• WHAT THE EXERCISE ASKS:
For this exercise, copy exactly the lines below from the one with "with Wall Control" through the one with "Plafonniers Invicta moderne" and leave out the pictures.

• DATA SHOWN:
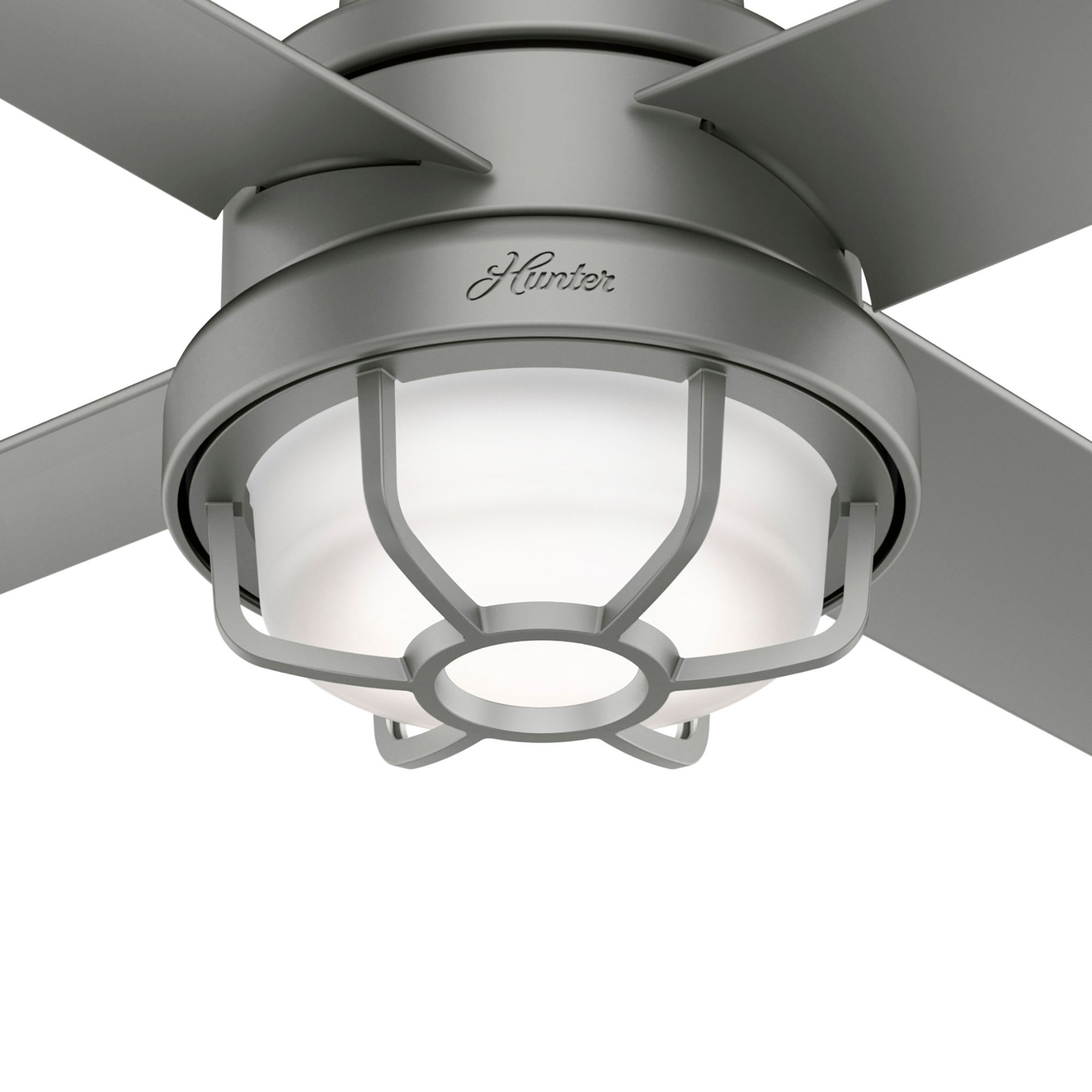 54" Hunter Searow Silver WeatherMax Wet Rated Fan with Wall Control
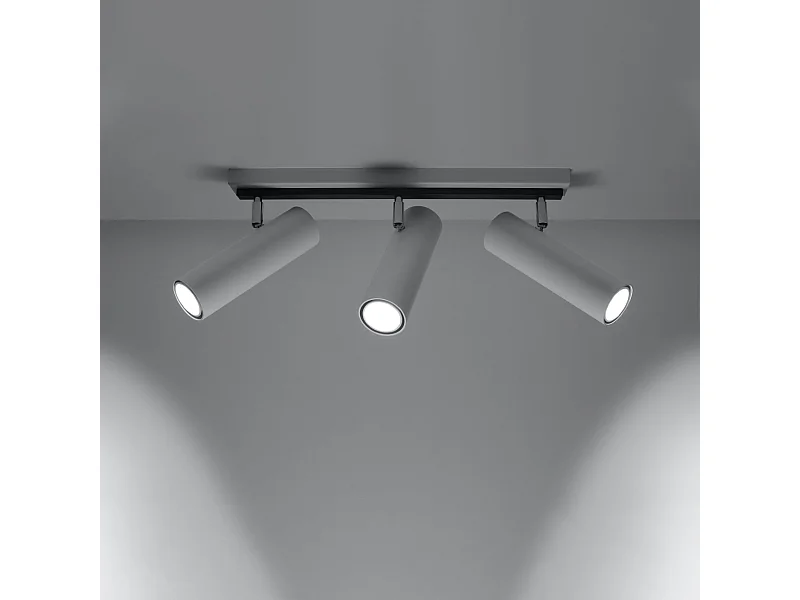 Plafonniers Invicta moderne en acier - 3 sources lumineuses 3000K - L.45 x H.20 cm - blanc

* * *

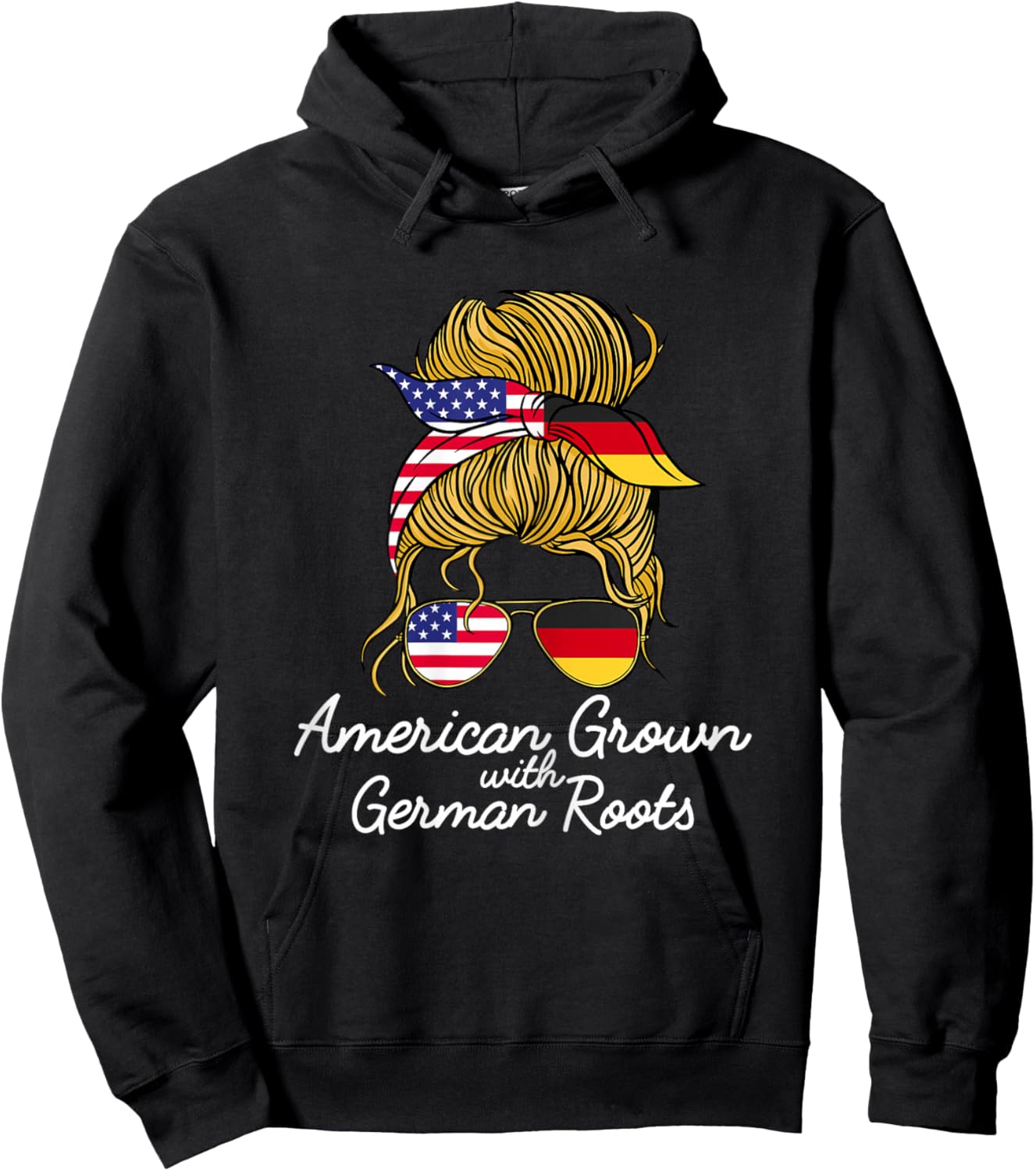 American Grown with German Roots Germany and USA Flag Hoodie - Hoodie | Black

• ANSWER FOR THIS EXERCISE:
 54" Hunter Searow Silver WeatherMax Wet Rated Fan with Wall Control
 Plafonniers Invicta moderne en acier - 3 sources lumineuses 3000K - L.45 x H.20 cm - blanc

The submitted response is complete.